While it's a bit of a comparative stretch, a very large business such as Amazon, which employs great numbers of employees possessing marginal business or technical skills, does invite some comparison to the military. It does serve to give young people entering the job market a good entry-level foothold into the world of commerce. It does require them to perform to a degree that they understand the realities of what it's going to take to survive in the real work-world. Once an employee has spent a year or so in the Amazon universe they are likely to be better prepared to leave and find a more promising work environment.
Amazon is what it is. It's no secret that it isn't the world's most generous or caring employer. To go to work there expecting a lifetime job sinecure is pretty unrealistic. Like the military, Amazon usually meets minimum standards for care of recruits, who after all did sign on voluntarily. Does Amazon hire warehouse workers with the promise of lifetime employment and advances in position? I really doubt that.
There has been an ongoing effort to unionize the Amazon workers, hopefully to give them more leverage in their efforts to improve their work environment. So far that hasn't proved viable, but the efforts to organize will continue, and hopefully will eventually prove successful.
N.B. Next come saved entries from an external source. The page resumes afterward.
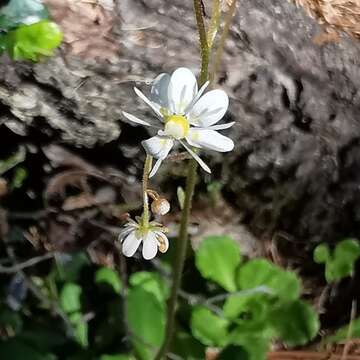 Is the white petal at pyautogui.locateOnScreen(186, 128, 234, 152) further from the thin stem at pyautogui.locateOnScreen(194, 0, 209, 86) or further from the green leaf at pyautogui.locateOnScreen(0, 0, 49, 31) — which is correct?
the green leaf at pyautogui.locateOnScreen(0, 0, 49, 31)

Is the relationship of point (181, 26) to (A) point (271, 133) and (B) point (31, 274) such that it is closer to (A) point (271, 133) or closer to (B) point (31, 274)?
(A) point (271, 133)

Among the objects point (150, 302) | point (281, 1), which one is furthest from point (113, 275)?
point (281, 1)

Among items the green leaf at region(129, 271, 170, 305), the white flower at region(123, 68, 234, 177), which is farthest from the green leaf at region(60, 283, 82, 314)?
the white flower at region(123, 68, 234, 177)

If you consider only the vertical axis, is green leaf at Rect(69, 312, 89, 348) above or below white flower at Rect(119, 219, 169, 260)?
below

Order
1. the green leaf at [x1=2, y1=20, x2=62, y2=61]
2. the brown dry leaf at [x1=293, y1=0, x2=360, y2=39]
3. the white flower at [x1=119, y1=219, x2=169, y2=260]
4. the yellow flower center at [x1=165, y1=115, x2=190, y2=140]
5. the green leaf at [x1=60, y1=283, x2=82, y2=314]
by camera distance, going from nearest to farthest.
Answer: the yellow flower center at [x1=165, y1=115, x2=190, y2=140] → the white flower at [x1=119, y1=219, x2=169, y2=260] → the green leaf at [x1=2, y1=20, x2=62, y2=61] → the brown dry leaf at [x1=293, y1=0, x2=360, y2=39] → the green leaf at [x1=60, y1=283, x2=82, y2=314]

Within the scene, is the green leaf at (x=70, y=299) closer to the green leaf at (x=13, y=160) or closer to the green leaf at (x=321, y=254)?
the green leaf at (x=13, y=160)

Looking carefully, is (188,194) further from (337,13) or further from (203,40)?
(337,13) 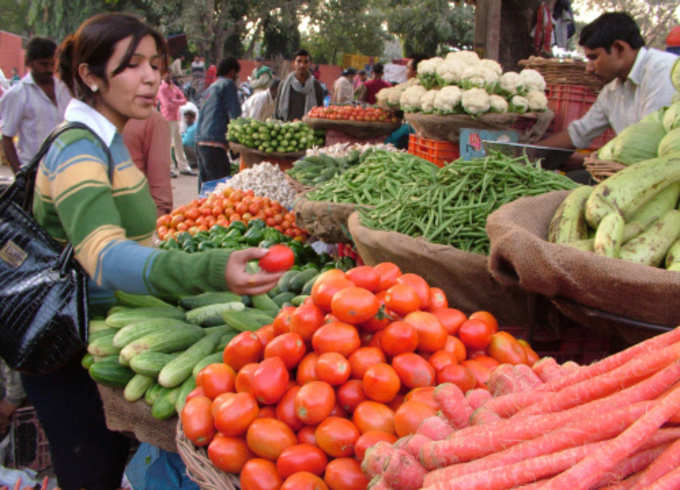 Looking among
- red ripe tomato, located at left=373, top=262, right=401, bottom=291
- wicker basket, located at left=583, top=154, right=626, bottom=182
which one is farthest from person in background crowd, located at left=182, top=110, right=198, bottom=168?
red ripe tomato, located at left=373, top=262, right=401, bottom=291

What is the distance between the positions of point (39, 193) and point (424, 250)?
1.58 meters

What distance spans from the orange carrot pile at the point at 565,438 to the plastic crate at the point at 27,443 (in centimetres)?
286

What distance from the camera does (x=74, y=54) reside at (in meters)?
2.04

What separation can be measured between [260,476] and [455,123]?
3491mm

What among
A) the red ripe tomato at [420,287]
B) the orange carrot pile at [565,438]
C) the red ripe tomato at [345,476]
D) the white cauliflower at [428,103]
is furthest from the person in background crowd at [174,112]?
the orange carrot pile at [565,438]

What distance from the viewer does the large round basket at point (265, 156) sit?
7.61 meters

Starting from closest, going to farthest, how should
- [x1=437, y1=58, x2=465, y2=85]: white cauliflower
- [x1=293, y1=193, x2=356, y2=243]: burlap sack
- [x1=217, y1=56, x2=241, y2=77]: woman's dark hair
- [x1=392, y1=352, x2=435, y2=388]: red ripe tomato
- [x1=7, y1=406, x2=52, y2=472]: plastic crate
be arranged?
[x1=392, y1=352, x2=435, y2=388]: red ripe tomato
[x1=7, y1=406, x2=52, y2=472]: plastic crate
[x1=293, y1=193, x2=356, y2=243]: burlap sack
[x1=437, y1=58, x2=465, y2=85]: white cauliflower
[x1=217, y1=56, x2=241, y2=77]: woman's dark hair

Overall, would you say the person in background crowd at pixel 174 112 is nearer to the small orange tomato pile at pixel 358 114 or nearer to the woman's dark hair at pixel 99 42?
the small orange tomato pile at pixel 358 114

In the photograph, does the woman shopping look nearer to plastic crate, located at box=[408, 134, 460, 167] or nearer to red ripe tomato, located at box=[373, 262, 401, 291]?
red ripe tomato, located at box=[373, 262, 401, 291]

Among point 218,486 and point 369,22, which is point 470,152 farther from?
point 369,22

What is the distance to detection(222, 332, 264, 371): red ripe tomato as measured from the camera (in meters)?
1.83

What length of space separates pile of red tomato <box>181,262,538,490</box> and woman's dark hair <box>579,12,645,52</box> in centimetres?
315

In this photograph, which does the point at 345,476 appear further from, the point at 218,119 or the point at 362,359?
the point at 218,119

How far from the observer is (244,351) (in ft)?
5.99
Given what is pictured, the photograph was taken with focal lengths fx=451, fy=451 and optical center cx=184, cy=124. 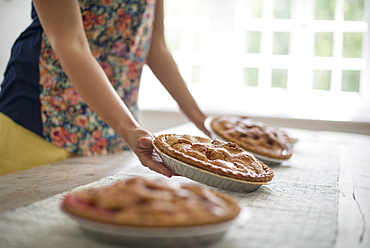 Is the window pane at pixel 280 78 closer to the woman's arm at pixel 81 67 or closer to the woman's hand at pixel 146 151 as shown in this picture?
the woman's arm at pixel 81 67

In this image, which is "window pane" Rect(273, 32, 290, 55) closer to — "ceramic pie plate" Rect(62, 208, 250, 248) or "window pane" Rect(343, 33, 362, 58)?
"window pane" Rect(343, 33, 362, 58)

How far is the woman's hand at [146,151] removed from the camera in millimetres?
1002

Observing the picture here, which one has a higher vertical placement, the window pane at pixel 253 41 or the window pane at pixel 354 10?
the window pane at pixel 354 10

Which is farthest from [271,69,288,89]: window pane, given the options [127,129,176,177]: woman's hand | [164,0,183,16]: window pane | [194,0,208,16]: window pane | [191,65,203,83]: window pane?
[127,129,176,177]: woman's hand

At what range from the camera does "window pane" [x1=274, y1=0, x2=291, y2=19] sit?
11.8ft

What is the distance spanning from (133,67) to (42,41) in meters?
0.32

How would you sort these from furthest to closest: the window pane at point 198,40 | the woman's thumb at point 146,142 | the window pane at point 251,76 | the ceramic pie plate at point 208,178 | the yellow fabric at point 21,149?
1. the window pane at point 198,40
2. the window pane at point 251,76
3. the yellow fabric at point 21,149
4. the woman's thumb at point 146,142
5. the ceramic pie plate at point 208,178

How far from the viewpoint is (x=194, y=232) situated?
571 mm

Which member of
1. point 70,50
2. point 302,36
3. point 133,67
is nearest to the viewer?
point 70,50

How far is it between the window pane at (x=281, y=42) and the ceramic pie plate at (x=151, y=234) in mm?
3237

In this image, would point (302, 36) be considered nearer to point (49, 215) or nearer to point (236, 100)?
point (236, 100)

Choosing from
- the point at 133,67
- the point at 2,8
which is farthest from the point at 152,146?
the point at 2,8

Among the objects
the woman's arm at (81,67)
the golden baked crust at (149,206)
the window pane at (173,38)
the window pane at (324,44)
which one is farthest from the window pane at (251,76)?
the golden baked crust at (149,206)

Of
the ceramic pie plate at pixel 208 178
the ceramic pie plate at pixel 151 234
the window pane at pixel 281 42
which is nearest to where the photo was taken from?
the ceramic pie plate at pixel 151 234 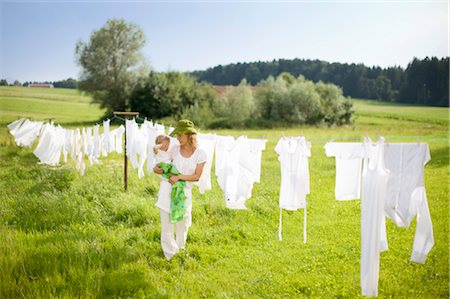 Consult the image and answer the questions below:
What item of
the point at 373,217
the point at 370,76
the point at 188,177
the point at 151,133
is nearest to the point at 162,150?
the point at 188,177

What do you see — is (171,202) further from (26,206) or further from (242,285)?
(26,206)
In the meantime, like many other situations in the unfortunately real word, we simply see Amazon for what it is, and continue to apply whatever pressure we can to encourage it's improvement.
"
Actually, here's a better article: https://theatlantic.com/business/archive/2015/12/military-versus-private-sector/422124/
But my impression has always been that the military is tough on new recruits during training but benefits-wise once you make it through that training period, it provides excellent ones for career military people--free housing, healthcare, tuition through ROTC. I think the comparison to Amazon thus isn't apt. The problem with serving in the military if you're a heterosexual white male is singular--the prospect of dying or being injured in a war. If you're female, not heterosexual or a person of color, you can encounter a host of other problems, although again I wonder for minority groups if the military isn't actually a less-racist institution than many private employers. Though I don't have the data, I've heard the military is actually more egalitarian regarding race than other professions.
It would seem to me that if Amazon were too far outside that norm then other employers would be cherry-picking Amazon employees right and left, and by offering significantly better work environments, forcing Amazon to improve their operation.